* [EXERCISE OBJECTIVE]
The records follow. Give them all back exactly.

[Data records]
○ ○ ○ ○

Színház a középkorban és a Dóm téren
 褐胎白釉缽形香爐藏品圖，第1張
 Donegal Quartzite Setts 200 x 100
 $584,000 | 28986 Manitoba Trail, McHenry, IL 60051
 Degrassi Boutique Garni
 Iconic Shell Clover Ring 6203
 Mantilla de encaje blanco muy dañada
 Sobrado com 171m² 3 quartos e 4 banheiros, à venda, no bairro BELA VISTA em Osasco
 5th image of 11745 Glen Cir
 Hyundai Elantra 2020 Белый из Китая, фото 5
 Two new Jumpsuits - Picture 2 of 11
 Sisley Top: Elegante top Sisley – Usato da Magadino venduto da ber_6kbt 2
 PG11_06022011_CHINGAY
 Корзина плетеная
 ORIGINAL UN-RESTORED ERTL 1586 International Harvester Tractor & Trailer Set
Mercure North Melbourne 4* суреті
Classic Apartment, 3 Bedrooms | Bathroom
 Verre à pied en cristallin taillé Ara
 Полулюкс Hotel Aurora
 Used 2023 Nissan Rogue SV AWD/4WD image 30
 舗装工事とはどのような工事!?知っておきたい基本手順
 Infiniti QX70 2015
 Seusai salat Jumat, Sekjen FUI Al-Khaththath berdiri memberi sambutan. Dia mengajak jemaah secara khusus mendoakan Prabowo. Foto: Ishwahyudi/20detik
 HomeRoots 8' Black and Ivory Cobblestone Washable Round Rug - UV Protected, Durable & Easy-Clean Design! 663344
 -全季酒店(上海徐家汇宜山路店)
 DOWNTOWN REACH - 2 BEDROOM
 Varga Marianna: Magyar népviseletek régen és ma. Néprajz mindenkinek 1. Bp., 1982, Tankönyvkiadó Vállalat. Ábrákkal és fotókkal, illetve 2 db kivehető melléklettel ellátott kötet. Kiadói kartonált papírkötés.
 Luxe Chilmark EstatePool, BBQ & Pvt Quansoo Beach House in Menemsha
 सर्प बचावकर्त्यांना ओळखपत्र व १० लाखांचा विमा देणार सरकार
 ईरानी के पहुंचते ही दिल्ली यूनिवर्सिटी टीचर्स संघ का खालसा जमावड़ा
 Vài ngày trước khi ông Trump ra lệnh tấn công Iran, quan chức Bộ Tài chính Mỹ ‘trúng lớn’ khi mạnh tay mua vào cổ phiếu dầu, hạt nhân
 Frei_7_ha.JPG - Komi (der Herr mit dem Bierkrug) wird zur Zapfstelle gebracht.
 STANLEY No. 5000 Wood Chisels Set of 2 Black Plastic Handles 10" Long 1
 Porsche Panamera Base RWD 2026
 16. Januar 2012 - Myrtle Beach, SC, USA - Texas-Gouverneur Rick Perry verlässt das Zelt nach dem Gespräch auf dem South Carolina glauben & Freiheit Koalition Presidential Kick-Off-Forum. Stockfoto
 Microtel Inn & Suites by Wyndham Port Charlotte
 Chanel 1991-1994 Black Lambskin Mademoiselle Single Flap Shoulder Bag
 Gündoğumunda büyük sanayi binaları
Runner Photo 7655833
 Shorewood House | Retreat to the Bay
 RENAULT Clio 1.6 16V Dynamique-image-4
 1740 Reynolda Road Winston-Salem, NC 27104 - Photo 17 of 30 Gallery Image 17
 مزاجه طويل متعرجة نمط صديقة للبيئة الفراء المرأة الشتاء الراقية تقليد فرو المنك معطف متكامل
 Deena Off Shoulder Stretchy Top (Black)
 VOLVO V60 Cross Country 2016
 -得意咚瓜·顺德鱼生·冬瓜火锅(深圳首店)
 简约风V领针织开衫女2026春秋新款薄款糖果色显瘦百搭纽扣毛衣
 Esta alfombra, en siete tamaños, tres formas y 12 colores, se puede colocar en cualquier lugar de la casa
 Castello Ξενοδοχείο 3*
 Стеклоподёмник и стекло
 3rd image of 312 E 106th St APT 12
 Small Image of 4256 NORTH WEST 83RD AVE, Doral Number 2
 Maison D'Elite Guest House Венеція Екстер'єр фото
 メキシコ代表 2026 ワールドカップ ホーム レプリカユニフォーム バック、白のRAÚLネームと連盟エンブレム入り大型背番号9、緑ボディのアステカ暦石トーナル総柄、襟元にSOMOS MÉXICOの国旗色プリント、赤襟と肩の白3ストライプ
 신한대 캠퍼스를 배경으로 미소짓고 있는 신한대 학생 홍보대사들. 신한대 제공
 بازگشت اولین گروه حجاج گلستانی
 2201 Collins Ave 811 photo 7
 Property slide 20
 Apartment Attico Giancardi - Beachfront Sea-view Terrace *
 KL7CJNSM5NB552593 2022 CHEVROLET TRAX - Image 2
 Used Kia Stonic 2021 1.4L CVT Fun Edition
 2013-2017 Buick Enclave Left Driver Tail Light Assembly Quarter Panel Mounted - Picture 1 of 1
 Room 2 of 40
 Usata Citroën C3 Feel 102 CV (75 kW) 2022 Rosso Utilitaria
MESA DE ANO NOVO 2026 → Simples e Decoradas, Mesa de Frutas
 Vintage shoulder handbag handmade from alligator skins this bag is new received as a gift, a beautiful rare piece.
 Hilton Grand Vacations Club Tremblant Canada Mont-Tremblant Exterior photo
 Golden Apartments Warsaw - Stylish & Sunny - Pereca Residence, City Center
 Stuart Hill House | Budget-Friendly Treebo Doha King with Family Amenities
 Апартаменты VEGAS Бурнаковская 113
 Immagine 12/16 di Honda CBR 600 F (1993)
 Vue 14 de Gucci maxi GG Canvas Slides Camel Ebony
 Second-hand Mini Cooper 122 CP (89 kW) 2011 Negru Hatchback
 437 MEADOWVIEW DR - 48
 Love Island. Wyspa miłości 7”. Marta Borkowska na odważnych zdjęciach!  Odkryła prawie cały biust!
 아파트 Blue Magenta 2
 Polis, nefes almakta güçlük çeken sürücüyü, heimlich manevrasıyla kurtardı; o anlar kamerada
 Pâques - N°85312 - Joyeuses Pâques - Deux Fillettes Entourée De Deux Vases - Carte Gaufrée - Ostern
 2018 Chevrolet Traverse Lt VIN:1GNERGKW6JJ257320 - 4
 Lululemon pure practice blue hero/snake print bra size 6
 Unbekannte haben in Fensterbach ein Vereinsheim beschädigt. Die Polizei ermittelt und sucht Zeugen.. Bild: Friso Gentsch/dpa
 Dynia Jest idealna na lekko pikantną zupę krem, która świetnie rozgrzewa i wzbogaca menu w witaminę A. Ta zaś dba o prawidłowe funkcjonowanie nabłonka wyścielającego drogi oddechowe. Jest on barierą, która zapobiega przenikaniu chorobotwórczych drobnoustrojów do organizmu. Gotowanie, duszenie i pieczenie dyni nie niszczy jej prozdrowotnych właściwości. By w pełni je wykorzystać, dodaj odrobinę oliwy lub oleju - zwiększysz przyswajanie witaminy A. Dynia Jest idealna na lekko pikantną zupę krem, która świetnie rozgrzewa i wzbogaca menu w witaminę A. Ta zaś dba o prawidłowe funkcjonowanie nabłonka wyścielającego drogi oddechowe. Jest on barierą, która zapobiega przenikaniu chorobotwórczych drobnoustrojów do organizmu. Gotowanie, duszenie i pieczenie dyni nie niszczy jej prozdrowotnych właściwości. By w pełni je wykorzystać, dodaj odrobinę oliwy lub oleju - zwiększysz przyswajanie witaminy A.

○ ○ ○ ○

* [RESPONSE AREA]
Színház a középkorban és a Dóm téren
 褐胎白釉缽形香爐藏品圖，第1張
 Donegal Quartzite Setts 200 x 100
 $584,000 | 28986 Manitoba Trail, McHenry, IL 60051
 Degrassi Boutique Garni
 Iconic Shell Clover Ring 6203
 Mantilla de encaje blanco muy dañada
 Sobrado com 171m² 3 quartos e 4 banheiros, à venda, no bairro BELA VISTA em Osasco
 5th image of 11745 Glen Cir
 Hyundai Elantra 2020 Белый из Китая, фото 5
 Two new Jumpsuits - Picture 2 of 11
 Sisley Top: Elegante top Sisley – Usato da Magadino venduto da ber_6kbt 2
 PG11_06022011_CHINGAY
 Корзина плетеная
 ORIGINAL UN-RESTORED ERTL 1586 International Harvester Tractor & Trailer Set
Mercure North Melbourne 4* суреті
Classic Apartment, 3 Bedrooms | Bathroom
 Verre à pied en cristallin taillé Ara
 Полулюкс Hotel Aurora
 Used 2023 Nissan Rogue SV AWD/4WD image 30
 舗装工事とはどのような工事!?知っておきたい基本手順
 Infiniti QX70 2015
 Seusai salat Jumat, Sekjen FUI Al-Khaththath berdiri memberi sambutan. Dia mengajak jemaah secara khusus mendoakan Prabowo. Foto: Ishwahyudi/20detik
 HomeRoots 8' Black and Ivory Cobblestone Washable Round Rug - UV Protected, Durable & Easy-Clean Design! 663344
 -全季酒店(上海徐家汇宜山路店)
 DOWNTOWN REACH - 2 BEDROOM
 Varga Marianna: Magyar népviseletek régen és ma. Néprajz mindenkinek 1. Bp., 1982, Tankönyvkiadó Vállalat. Ábrákkal és fotókkal, illetve 2 db kivehető melléklettel ellátott kötet. Kiadói kartonált papírkötés.
 Luxe Chilmark EstatePool, BBQ & Pvt Quansoo Beach House in Menemsha
 सर्प बचावकर्त्यांना ओळखपत्र व १० लाखांचा विमा देणार सरकार
 ईरानी के पहुंचते ही दिल्ली यूनिवर्सिटी टीचर्स संघ का खालसा जमावड़ा
 Vài ngày trước khi ông Trump ra lệnh tấn công Iran, quan chức Bộ Tài chính Mỹ ‘trúng lớn’ khi mạnh tay mua vào cổ phiếu dầu, hạt nhân
 Frei_7_ha.JPG - Komi (der Herr mit dem Bierkrug) wird zur Zapfstelle gebracht.
 STANLEY No. 5000 Wood Chisels Set of 2 Black Plastic Handles 10" Long 1
 Porsche Panamera Base RWD 2026
 16. Januar 2012 - Myrtle Beach, SC, USA - Texas-Gouverneur Rick Perry verlässt das Zelt nach dem Gespräch auf dem South Carolina glauben & Freiheit Koalition Presidential Kick-Off-Forum. Stockfoto
 Microtel Inn & Suites by Wyndham Port Charlotte
 Chanel 1991-1994 Black Lambskin Mademoiselle Single Flap Shoulder Bag
 Gündoğumunda büyük sanayi binaları
Runner Photo 7655833
 Shorewood House | Retreat to the Bay
 RENAULT Clio 1.6 16V Dynamique-image-4
 1740 Reynolda Road Winston-Salem, NC 27104 - Photo 17 of 30 Gallery Image 17
 مزاجه طويل متعرجة نمط صديقة للبيئة الفراء المرأة الشتاء الراقية تقليد فرو المنك معطف متكامل
 Deena Off Shoulder Stretchy Top (Black)
 VOLVO V60 Cross Country 2016
 -得意咚瓜·顺德鱼生·冬瓜火锅(深圳首店)
 简约风V领针织开衫女2026春秋新款薄款糖果色显瘦百搭纽扣毛衣
 Esta alfombra, en siete tamaños, tres formas y 12 colores, se puede colocar en cualquier lugar de la casa
 Castello Ξενοδοχείο 3*
 Стеклоподёмник и стекло
 3rd image of 312 E 106th St APT 12
 Small Image of 4256 NORTH WEST 83RD AVE, Doral Number 2
 Maison D'Elite Guest House Венеція Екстер'єр фото
 メキシコ代表 2026 ワールドカップ ホーム レプリカユニフォーム バック、白のRAÚLネームと連盟エンブレム入り大型背番号9、緑ボディのアステカ暦石トーナル総柄、襟元にSOMOS MÉXICOの国旗色プリント、赤襟と肩の白3ストライプ
 신한대 캠퍼스를 배경으로 미소짓고 있는 신한대 학생 홍보대사들. 신한대 제공
 بازگشت اولین گروه حجاج گلستانی
 2201 Collins Ave 811 photo 7
 Property slide 20
 Apartment Attico Giancardi - Beachfront Sea-view Terrace *
 KL7CJNSM5NB552593 2022 CHEVROLET TRAX - Image 2
 Used Kia Stonic 2021 1.4L CVT Fun Edition
 2013-2017 Buick Enclave Left Driver Tail Light Assembly Quarter Panel Mounted - Picture 1 of 1
 Room 2 of 40
 Usata Citroën C3 Feel 102 CV (75 kW) 2022 Rosso Utilitaria
MESA DE ANO NOVO 2026 → Simples e Decoradas, Mesa de Frutas
 Vintage shoulder handbag handmade from alligator skins this bag is new received as a gift, a beautiful rare piece.
 Hilton Grand Vacations Club Tremblant Canada Mont-Tremblant Exterior photo
 Golden Apartments Warsaw - Stylish & Sunny - Pereca Residence, City Center
 Stuart Hill House | Budget-Friendly Treebo Doha King with Family Amenities
 Апартаменты VEGAS Бурнаковская 113
 Immagine 12/16 di Honda CBR 600 F (1993)
 Vue 14 de Gucci maxi GG Canvas Slides Camel Ebony
 Second-hand Mini Cooper 122 CP (89 kW) 2011 Negru Hatchback
 437 MEADOWVIEW DR - 48
 Love Island. Wyspa miłości 7”. Marta Borkowska na odważnych zdjęciach!  Odkryła prawie cały biust!
 아파트 Blue Magenta 2
 Polis, nefes almakta güçlük çeken sürücüyü, heimlich manevrasıyla kurtardı; o anlar kamerada
 Pâques - N°85312 - Joyeuses Pâques - Deux Fillettes Entourée De Deux Vases - Carte Gaufrée - Ostern
 2018 Chevrolet Traverse Lt VIN:1GNERGKW6JJ257320 - 4
 Lululemon pure practice blue hero/snake print bra size 6
 Unbekannte haben in Fensterbach ein Vereinsheim beschädigt. Die Polizei ermittelt und sucht Zeugen.. Bild: Friso Gentsch/dpa
 Dynia Jest idealna na lekko pikantną zupę krem, która świetnie rozgrzewa i wzbogaca menu w witaminę A. Ta zaś dba o prawidłowe funkcjonowanie nabłonka wyścielającego drogi oddechowe. Jest on barierą, która zapobiega przenikaniu chorobotwórczych drobnoustrojów do organizmu. Gotowanie, duszenie i pieczenie dyni nie niszczy jej prozdrowotnych właściwości. By w pełni je wykorzystać, dodaj odrobinę oliwy lub oleju - zwiększysz przyswajanie witaminy A. Dynia Jest idealna na lekko pikantną zupę krem, która świetnie rozgrzewa i wzbogaca menu w witaminę A. Ta zaś dba o prawidłowe funkcjonowanie nabłonka wyścielającego drogi oddechowe. Jest on barierą, która zapobiega przenikaniu chorobotwórczych drobnoustrojów do organizmu. Gotowanie, duszenie i pieczenie dyni nie niszczy jej prozdrowotnych właściwości. By w pełni je wykorzystać, dodaj odrobinę oliwy lub oleju - zwiększysz przyswajanie witaminy A.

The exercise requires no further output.